--- START ---

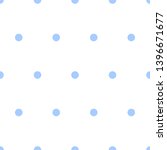 seamless vector pattern of blue ... | Shutterstock .eps vector #1396671677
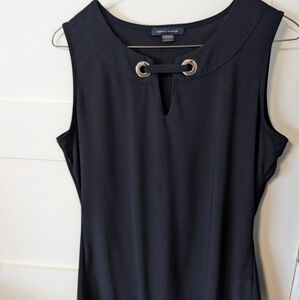 Tommy Hilfiger Navy Medium Stretch Classic Tank Top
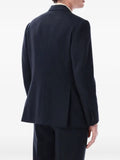 Lardini double-breasted four-button blazer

--- END ---

● **Your assignment**
Print the lines from the line containing "Tommy Hilfiger Navy" through the last line of the listing, exactly as they stand, and leave any pictures out.

● **Written response**
 Tommy Hilfiger Navy Medium Stretch Classic Tank Top
 Lardini double-breasted four-button blazer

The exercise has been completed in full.